D. PROBLÈMES RELATIFS A L'ENSEIGNEMENT/APPRENTISSAGE DES LANGUES-CULTURES
Mis à part ces quelques heureuses exceptions,
l'enseignement/apprentissage des langues-cultures continue à fonctionner
dans un cadre restreint avec un objectif théorique, sans tenir compte
des attentes et des besoins des apprenants actuels, qui souhaiteraient, en
premier lieu, une bonne maîtrise de la langue orale. Cet aspect
s'accentue dans les secondes langues, en particulier les langues
européennes.
Les conséquences d'une telle situation sont simplement
désolantes. Ainsi, les 3 500 étudiants qui terminent chaque
année leur licence de français sont rarement aptes à
communiquer dans cette langue, à moins d'avoir suivi une formation
complémentaire.

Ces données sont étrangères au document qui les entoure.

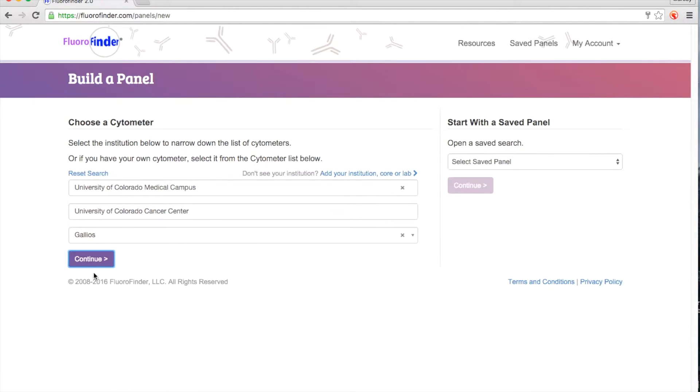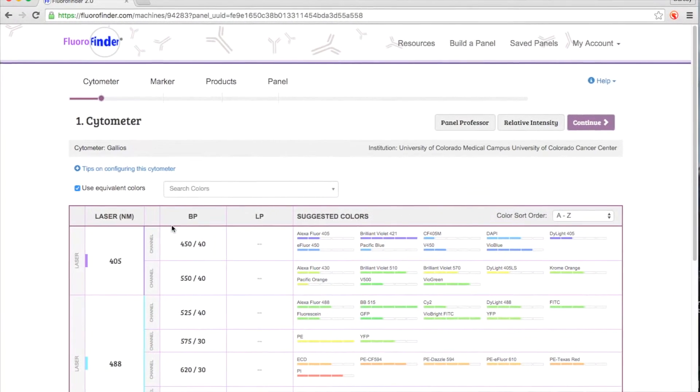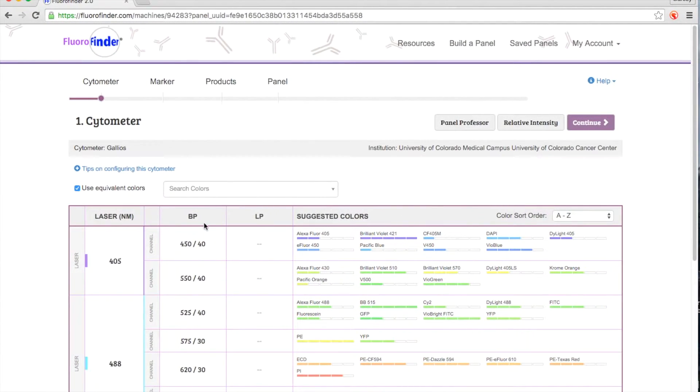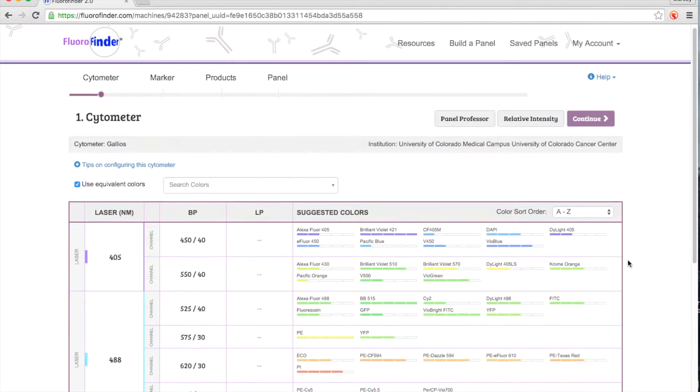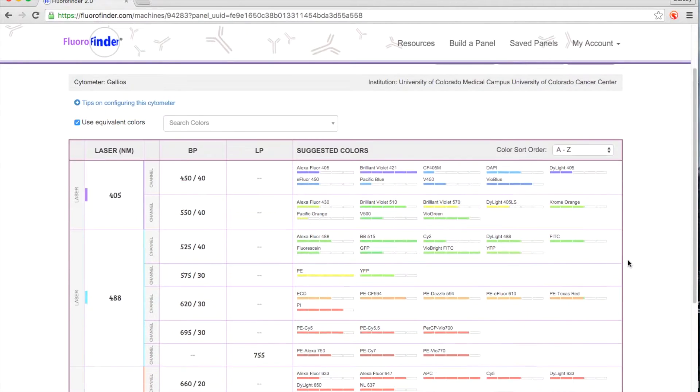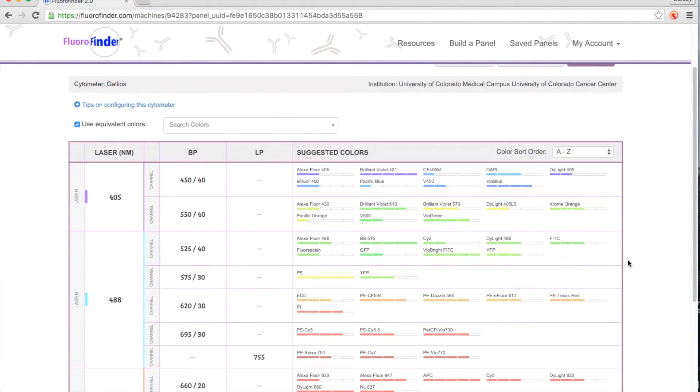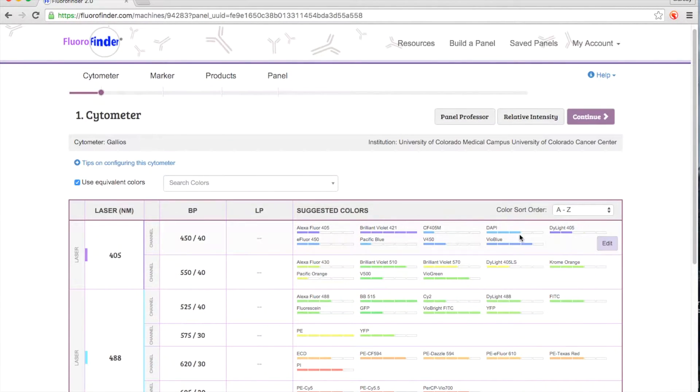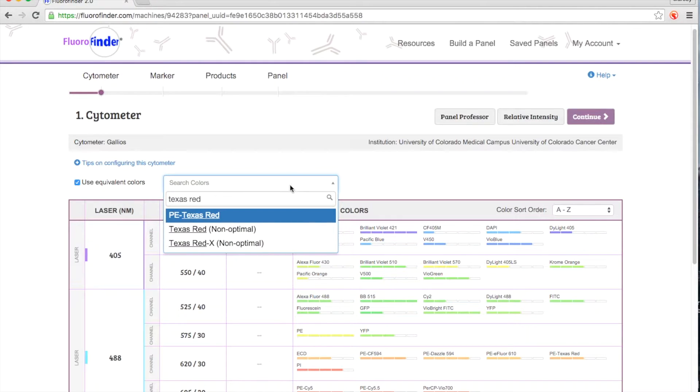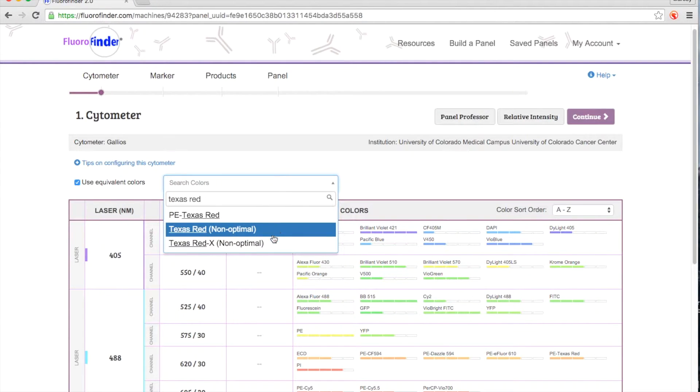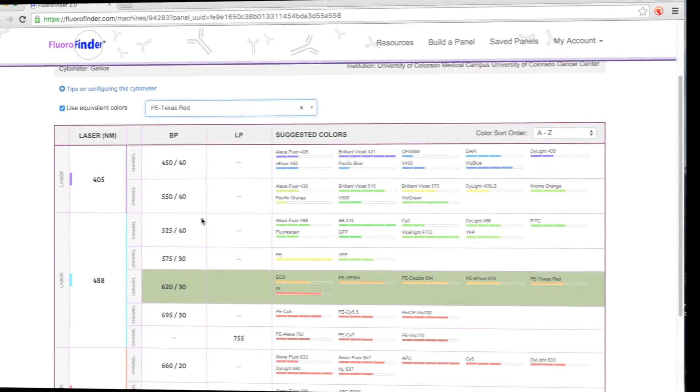you are directed to the first step of the panel design process. On the first page, you get a comprehensive overview of your instrument configuration. You can view the lasers, filters, and dichroics, along with the suggested colors for each detector. This visual can help you determine if you have chosen the appropriate instrument for your experiment and verify the colors you want to use are listed in the appropriate detectors.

Les quatre années d'études universitaires
sont en quelque sorte coupées des réalités de la langue
française contemporaine.
En fait, beaucoup pensent que l'enseignement des langues à
l'école est, de toute façon, insuffisant, surtout quand il s'agit
des langues enseignées de manière livresque comme le
français et l'allemand, et que l'on doit faire appel aux autres moyens
(cours privés ou séjours linguistiques à
l'étranger).
Certains croient même que l'enseignement/apprentissage des langues n'est
pas un des devoirs de l'école, mais une affaire personnelle que chacun
doit prendre à son compte en fonction de ses capacités
intellectuelles, financières, et en fonction du temps dont il dispose.
Un tel raisonnement ne facilite pas le développement des langues
étrangères au sein de l'école, où a lieu le premier
contact avec ces matières.
Au fond, une conception élitiste de l'enseignement reste ancrée
dans la mentalité des Coréens ; l'école doit demeurer un
haut lieu d'étude théorique, les aspects pratiques pouvant
être appris ailleurs. La floraison des instituts privés en
témoigne.
Dans le milieu universitaire, l'observation, l'adaptation, ou la critique,
sont encore très peu prises en compte, et cela ne laisse guère de
place à l'enseignement/apprentissage des langues-cultures,
nécessitant la volonté de s'adapter aux changements constants.
Par ailleurs, l'enjeu économique joue un rôle déterminant
pour le choix des langues. La prédominance de l'anglais et du japonais
le prouve. Pour les secondes langues, cet enjeu est moins crucial, mais non
exempt d'aléas.
Ainsi, la langue vietnamienne a subi un sort difficile. La seule section de
vietnamien à l'Université des Langues Etrangères a
été supprimée à l'arrivée des communistes au
Sud Viêt-nam. Pendant presque quinze ans, ce pays a disparu de l'esprit
des Coréens, alors que le gouvernement y avait
régulièrement envoyé ses soldats, à la demande des
Etats-Unis. A la suite de l'établissement récent des relations
bilatérales qui a stimulé le développement des
échanges commerciaux, le département de cette langue a
été réouvert, et la création de nombreuses sections
dans les facultés encouragée par le Ministre de l'Education.
Ce cas précis illustre bien l'absence de cadre juridique concernant la
création et la préservation des sections de langues :
déjà, dans le programme d'étude, le cours de langue n'est
tenu que s'il y a un professeur, il peut être suspendu à tout
moment et la langue disparaître de l'établissement du jour au
lendemain.
En réalité, les dirigeants coréens considèrent
l'apprentissage de la langue comme un moyen d'accéder à une
formation complémentaire à l'étranger, jugée utile
pour le pays. C'est ainsi que le gouvernement de Séoul donne la
priorité aux disciplines scientifiques et technologiques. Chaque
année, de nombreux boursiers sont envoyés à
l'étranger pour se perfectionner dans ces domaines. Les étudiants
projetant d'aller au Japon ou aux Etats-Unis sont relativement bien
formés dans ces langues, car ils ont acquis de bonnes connaissances de
base, et ils effectuent, en plus, une année de stage linguistique sur
place.
Pour le français ou l'allemand, l'enseignement, trop théorique
et livresque, ne les conduit pas au même niveau, et le stage accompli
dans le pays d'accueil reste insuffisant : en une seule année, ils ne
peuvent combler leur retard.
En définitive, le gouvernement coréen s'efforce de
développer une coopération avec les pays avancés, mais ne
se donne pas les moyens d'un enseignement/apprentissage des langues
concernées à la hauteur de ses ambitions. On peut cependant, pour
le français, tenter de proposer des voies pour rendre plus efficace son
enseignement/apprentissage et sa diffusion en Corée. Il s'agit de
promouvoir un enseignement du français adapté au contexte local.